The late Reverend Billy Graham once commented that “Self-centered indulgence, pride, and lack of shame over sin, are now emblems of the American lifestyle.”
We are a nation and people on a journey to who knows where, hopefully to a better, brighter future. And while traveling this path we are inundated each day with events and reports of the foibles and folly that beset imperfect beings. The lack of decency and good sense, normal prudence, and foresight have almost become an integral, although it is a failing, part of our daily lives.
In all that we encounter, whether in the media in all its manifestations, or our personal and private lives, there is I believe one overriding factor that is prevalent and what the Reverend Graham was speaking about, a characteristic that has come to define who we’ve become by how we behave.

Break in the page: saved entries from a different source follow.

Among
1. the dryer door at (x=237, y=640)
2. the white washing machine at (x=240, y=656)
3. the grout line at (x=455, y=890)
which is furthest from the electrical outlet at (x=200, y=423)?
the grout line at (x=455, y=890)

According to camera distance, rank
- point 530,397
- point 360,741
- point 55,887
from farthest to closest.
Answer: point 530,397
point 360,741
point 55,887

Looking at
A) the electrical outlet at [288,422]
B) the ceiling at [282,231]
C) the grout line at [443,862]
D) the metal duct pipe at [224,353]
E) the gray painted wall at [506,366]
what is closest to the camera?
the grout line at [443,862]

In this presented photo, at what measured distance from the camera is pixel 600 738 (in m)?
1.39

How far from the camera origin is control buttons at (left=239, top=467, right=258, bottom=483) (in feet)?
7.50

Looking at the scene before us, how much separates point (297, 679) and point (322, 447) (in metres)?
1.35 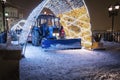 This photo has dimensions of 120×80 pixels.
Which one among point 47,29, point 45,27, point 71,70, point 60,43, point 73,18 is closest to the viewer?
point 71,70

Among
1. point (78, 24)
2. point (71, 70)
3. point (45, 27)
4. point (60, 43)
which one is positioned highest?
point (78, 24)

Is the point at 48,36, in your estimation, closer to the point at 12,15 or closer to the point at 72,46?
the point at 72,46

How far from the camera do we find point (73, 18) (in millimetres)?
18562

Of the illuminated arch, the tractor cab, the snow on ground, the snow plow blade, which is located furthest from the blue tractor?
the snow on ground

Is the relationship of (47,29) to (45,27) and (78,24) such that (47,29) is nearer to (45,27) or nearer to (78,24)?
(45,27)

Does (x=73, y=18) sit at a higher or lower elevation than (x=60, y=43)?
higher

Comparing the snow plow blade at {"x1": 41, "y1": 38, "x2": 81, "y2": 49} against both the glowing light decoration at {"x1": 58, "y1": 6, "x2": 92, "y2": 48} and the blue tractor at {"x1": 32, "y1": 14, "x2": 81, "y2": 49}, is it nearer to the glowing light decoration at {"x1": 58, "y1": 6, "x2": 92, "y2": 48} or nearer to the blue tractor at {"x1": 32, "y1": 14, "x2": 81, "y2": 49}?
the glowing light decoration at {"x1": 58, "y1": 6, "x2": 92, "y2": 48}

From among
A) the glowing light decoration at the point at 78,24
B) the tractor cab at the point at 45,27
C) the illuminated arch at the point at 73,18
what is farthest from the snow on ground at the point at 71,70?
the tractor cab at the point at 45,27

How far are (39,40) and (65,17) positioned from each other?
2874mm

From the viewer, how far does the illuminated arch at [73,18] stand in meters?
17.0

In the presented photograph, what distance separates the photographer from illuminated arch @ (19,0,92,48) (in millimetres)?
16966

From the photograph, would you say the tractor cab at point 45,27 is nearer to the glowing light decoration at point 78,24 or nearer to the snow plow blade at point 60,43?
the glowing light decoration at point 78,24

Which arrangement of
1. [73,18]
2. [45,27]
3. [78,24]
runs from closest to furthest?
[78,24] → [73,18] → [45,27]

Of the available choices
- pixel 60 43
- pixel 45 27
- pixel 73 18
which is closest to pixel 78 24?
pixel 73 18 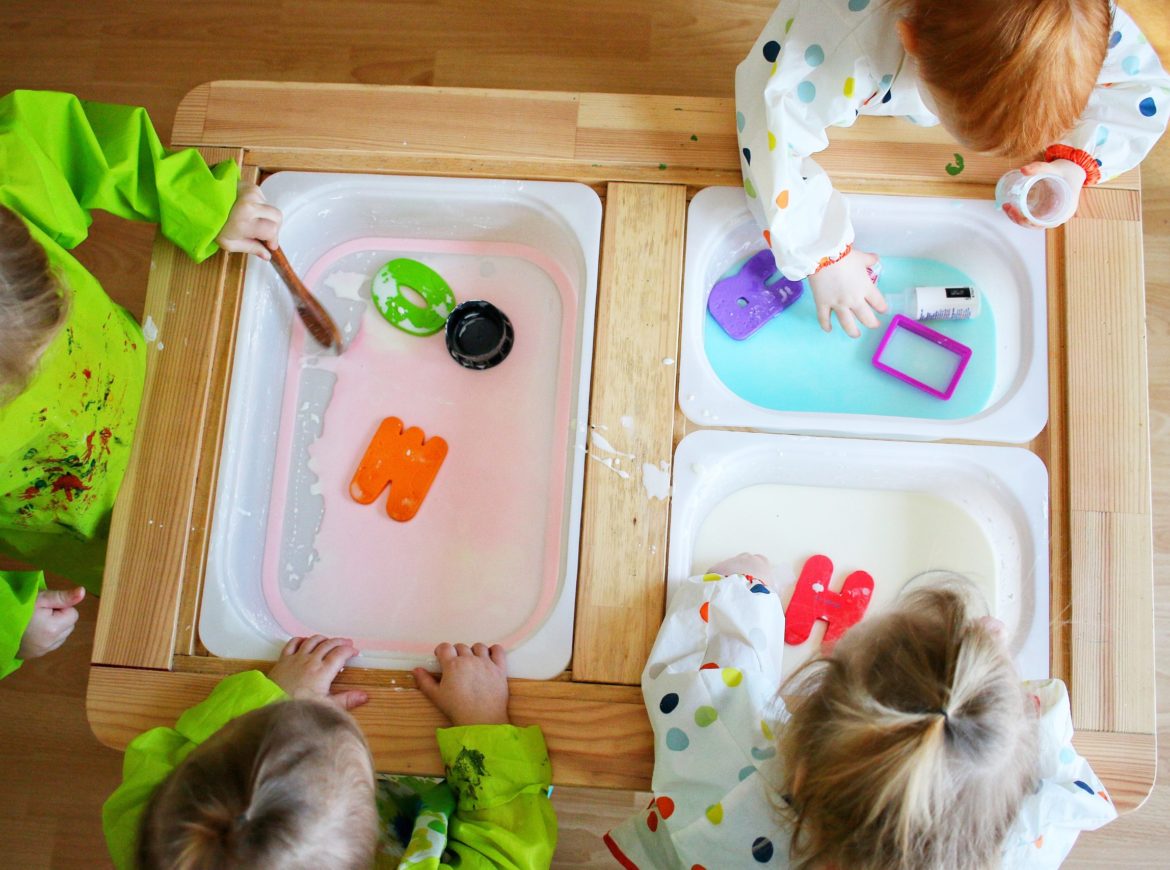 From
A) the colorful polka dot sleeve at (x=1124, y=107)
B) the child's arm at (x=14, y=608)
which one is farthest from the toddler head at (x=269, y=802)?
the colorful polka dot sleeve at (x=1124, y=107)

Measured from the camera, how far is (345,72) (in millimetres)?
1412

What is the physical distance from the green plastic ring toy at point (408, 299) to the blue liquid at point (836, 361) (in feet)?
1.01

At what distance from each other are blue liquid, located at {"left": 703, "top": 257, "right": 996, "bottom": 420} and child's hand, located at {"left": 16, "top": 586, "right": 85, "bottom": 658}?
74 cm

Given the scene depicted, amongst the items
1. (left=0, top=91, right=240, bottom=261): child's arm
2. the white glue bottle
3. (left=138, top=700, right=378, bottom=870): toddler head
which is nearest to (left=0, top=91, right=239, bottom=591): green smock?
(left=0, top=91, right=240, bottom=261): child's arm

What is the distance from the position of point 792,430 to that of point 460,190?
432 mm

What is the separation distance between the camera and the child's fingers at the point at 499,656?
0.86 metres

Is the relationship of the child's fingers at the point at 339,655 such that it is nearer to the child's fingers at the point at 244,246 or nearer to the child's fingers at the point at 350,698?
the child's fingers at the point at 350,698

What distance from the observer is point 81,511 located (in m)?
0.96

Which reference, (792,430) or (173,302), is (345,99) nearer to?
(173,302)

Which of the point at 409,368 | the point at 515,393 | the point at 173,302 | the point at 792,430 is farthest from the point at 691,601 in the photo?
the point at 173,302

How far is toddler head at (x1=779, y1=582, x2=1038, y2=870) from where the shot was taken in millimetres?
567

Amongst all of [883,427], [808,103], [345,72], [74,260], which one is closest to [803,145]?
[808,103]

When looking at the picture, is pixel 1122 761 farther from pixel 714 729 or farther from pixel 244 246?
pixel 244 246

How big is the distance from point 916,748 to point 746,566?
372 millimetres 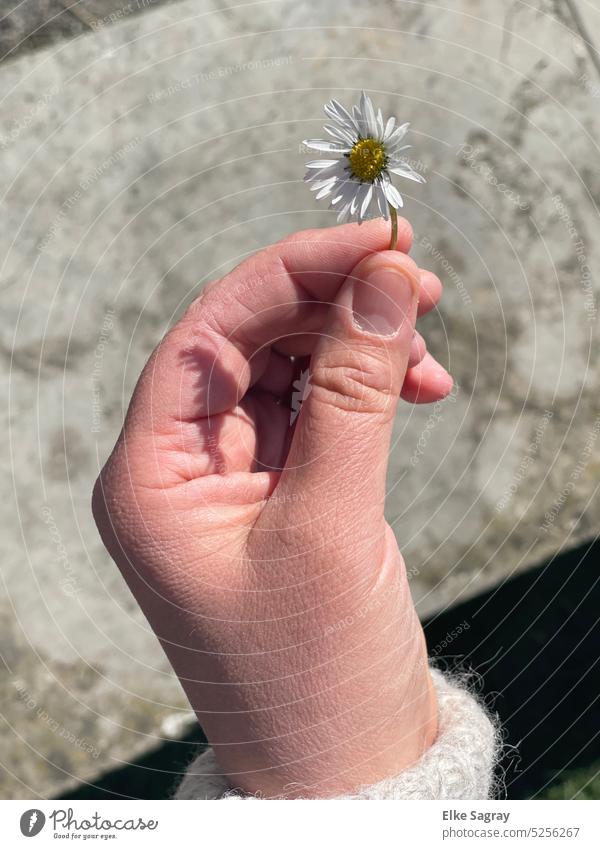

Shame, or for our purposes here, shamelessness, insensitivity to disgrace, and a lack of virtue has become an epidemic in postmodern culture; it is a plague on society and an outgrowth of our deepest desires and prurient interests. One has only to look at some of the shameful behavior that has manifested itself within only a short period of time. As a reminder, here are several examples of a multitude of incidents that embody the salient characteristics of shameful behavior.
*Hollywood and the entertainment industry for their violent, vulgar, and sexually explicit movies, sitcoms, and the Kardashians.
*The Jussie Smollett bogus hate crime fiasco that has the once thought of victim now being subjected to criminal charges for staging the entire episode.
*The Harvey Weinstein and Bill Cosby criminal activities, a result of their wretched behavior toward women.
*Former NY Times executive editor Jill Abramson accused of plagiarizing parts of her recently released book.
*Michael Cohen and his robotic performance before Congress, lacking any emotion, where he apparently once again lied in his testimony.
*The mainstream media and many other institutions, and people, and their biased reactions and criticism of the Covington Catholic High School students, in particular, Nicholas Sandmann, who is now suing for defamation. To this day many of the accusers have remained silent with no apology.
*President Trump and his sordid past and his use of profane language on occasion, like recently when speaking before the Conservative Political Action Committee (CPAC)
*The Michael Jackson accusations of pedophilia leveled at the late pop star, and how his estate is now suing HBO for a documentary.
*The television show “The Bachelor” and how the season rests entirely on whether a 27-year-old virgin will have sex with another cast member.
*The recent scandal involving parents employing deceitful means to get their children into colleges.
Offhand these are just some incidents; I could add many more, but you get the message.
There is however one, in particular, that is not listed above, but that deserves by far greater emphasis. It goes beyond all others and takes shame to deepest depths of detestable. It involves a group of supposedly well-intentioned public figures who applauded an action so abominable that I believe it will reverberate over time and will be looked at as the proverbial “straw that broke the camel’s back.” In the pantheon of our transgressions, this is the one that I believe is a stark reminder of just how flawed we have become and the depths of shame and depravity that we have devolved to.
Infanticide has now been embraced by a political party, the Democratic, as an acceptable solution to a baby born from a failed abortion. This group of reprobates, in their den of iniquity, applauded the brutality with callous disregard for the sacredness and dignity of life. Their shameful behavior speaks truth to the sentiments of two highly respected public figures, whose words even after their passing should resound in all our minds. Pope John Paul II referred to America as a “culture of death,” and the late Senator Daniel Patrick Moynihan spoke of cultural deprivation as “Defining deviancy down.”
There is no shame in a culture that embraces moral relativism, where there are no virtues and absolute truths, and where decency, ethical standards, and civility depend on the individual or group holding them. Yes, we have come a long way thus far on that journey I spoke about in the beginning, but regrettably, we’re moving in the wrong direction - not forward, but down.